*** Exercise data ***
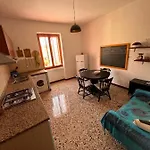 Via Giuseppe Palomba 18 Guest House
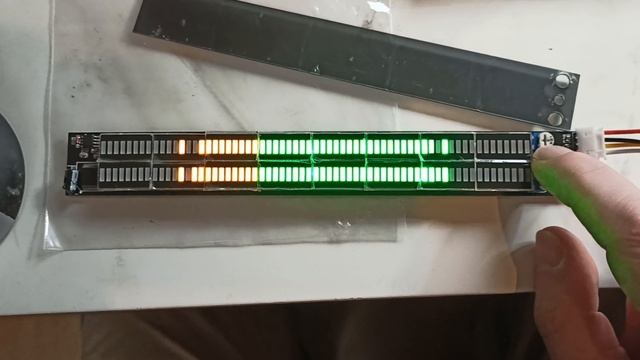 128-LED Stereo VU Meter Test смотреть онлайн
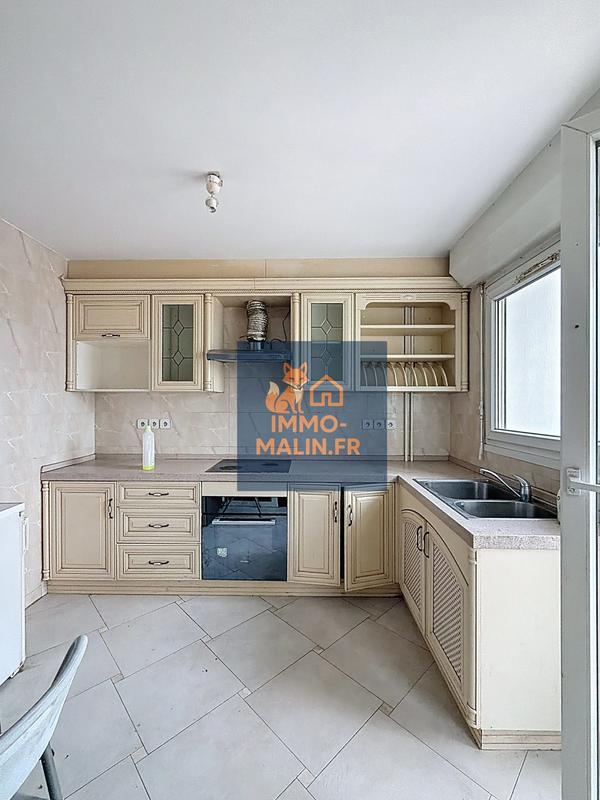 Appartement - 86 m² - 4 pièces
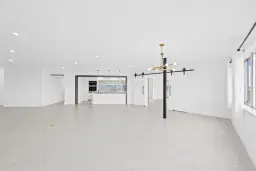 Picture of 877 NE 195Th St 422, Miami, FL 33179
*** End of Exercise data ***
# [Prompt]
The task calls for every line of the data to be returned exactly, without pictures.

# [The completed task]
 Via Giuseppe Palomba 18 Guest House
 128-LED Stereo VU Meter Test смотреть онлайн
 Appartement - 86 m² - 4 pièces
 Picture of 877 NE 195Th St 422, Miami, FL 33179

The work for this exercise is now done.